Private sector and academia play a leading and arguably dominant role in cyber investigations. Law enforcement agencies, from the US FBI to Europol and Interpol publicly admit that private sector actors are generally better funded, have more boots on the ground, and are often first to detect and first to respond to cyber attacks. Executive Director Catherine De Bolle explains that successes of law enforcement in the fight against cybercrime will continue, “As long as European Union law enforcement continues to grow and evolve and to forge new bonds with global partners in both the public and private sector”.
ICANN’s attempt to comply with the EU GDPR is a discouraging example of how a compliance policy that doesn’t consider fully the current threat-and-response landscape can create challenges or impediments for private sector actors, with consequent harms that GDPR legislators neither intended nor anticipated. ICANN’s temporary policy allows parties that collect domain name registration data to redact point of contact data of all registrations, regardless of whether the registrant falls within the EU jurisdiction. In a recent survey, over 300 first responders reported that ICANN’s current Whois policy “is significantly impeding cyber applications
and forensic investigations and allowing more harm to victims”, specifically noting that the policy does not address timely and uniform access for the lawful bases for processing defined in Article 6 of the GDPR, and that there is no consensus regarding what parties can request access or how to manage access.

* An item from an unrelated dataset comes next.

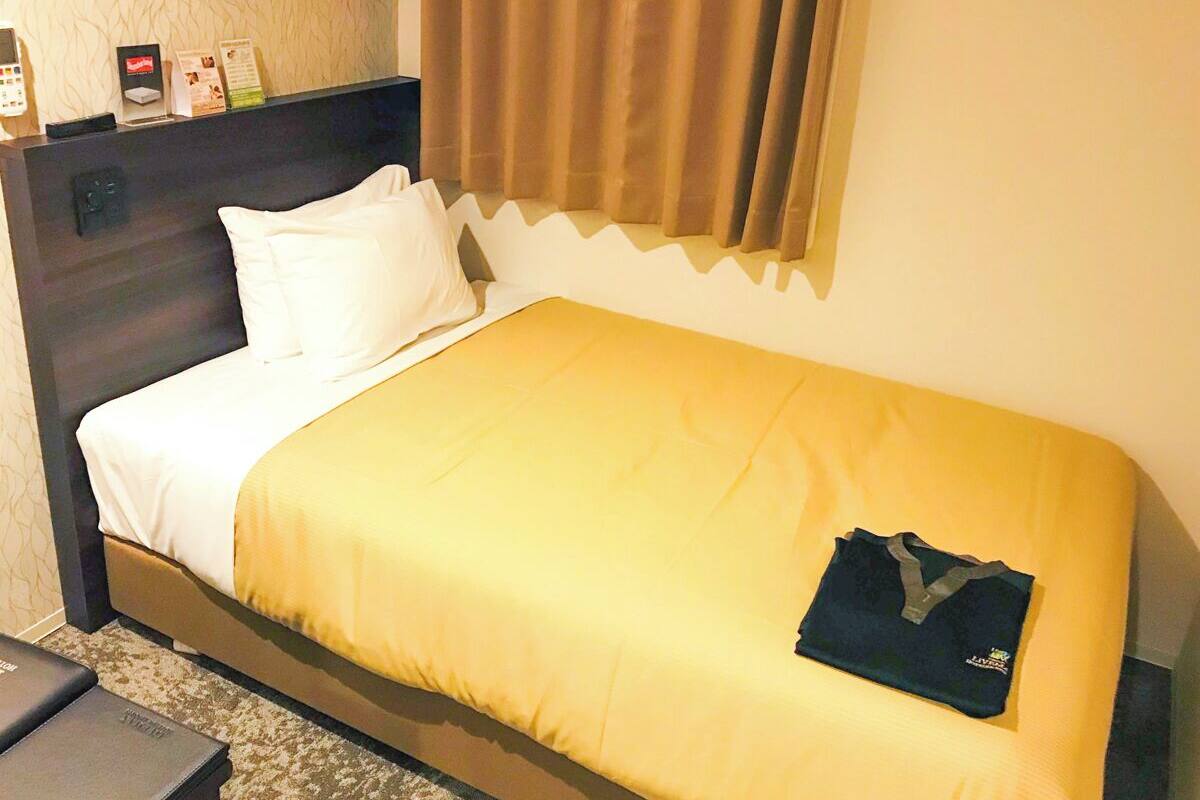 Ein Hotelzimmer mit Bett, Nachttisch, Telefon und einem Fenster mit Vorhängen.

The impact of ICANN’s Temp Spec on cyber investigations since its adoption seven months ago is dramatic.
Responses to cyber attacks are impeded. Investigators can no longer process point of contact information for potentially thousands of domain names associated with a given cyber attack in real time and their efforts to attributing attacks or cybercrimes to perpetrators is greatly delayed. First responders must now request disclosure of protected Whois data from registrars through arbitrary, non-uniform inquiry processes. Each day of delay resulting from the request process extends the duration of an attack or the opportunity to inflict harm or loss.

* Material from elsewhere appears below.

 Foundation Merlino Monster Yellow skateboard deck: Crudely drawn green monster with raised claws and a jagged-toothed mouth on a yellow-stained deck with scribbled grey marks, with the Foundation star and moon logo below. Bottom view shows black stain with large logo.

Victimization lasts longer. Investigators cannot contact victims of compromised web site attacks without point of contact information. Investigators ideally seek to contact victims in a matter of hours. In circumstances where unwitting part victims cannot be contacted in a timely manner, attackers can continue to perpetrate fraud, publish inauthentic news, influence politics, or otherwise inflict harm to both the victim of the web site attack as well as visitors to the site.
Requests to access point of contact data for lawful bases of processing is denied or not timely. AppDetex reports that the average response by registrars to redacted request notices from first notice to compliance is approximately nine days. AppDetex Brand Protection shared Whois Requestor System “only 3% of requests have so far yielded full WHOIS records”. Viewing this average through the grimmest of lenses, attacks that first responders successfully mitigated in less than 24 hours now remain active for longer than a week.
Protect privacy rights and do no harm
We have two seemingly conflicting objectives: (1) satisfy a public policy objective of protecting privacy rights through legislation and (2) ensuring public safety interests by establishing timely and uniform access and processing of protected data where lawful bases permit.
In 2019, we must do all that we can to avoid legislation that cures one exposure to harm but increases other exposures consequentially.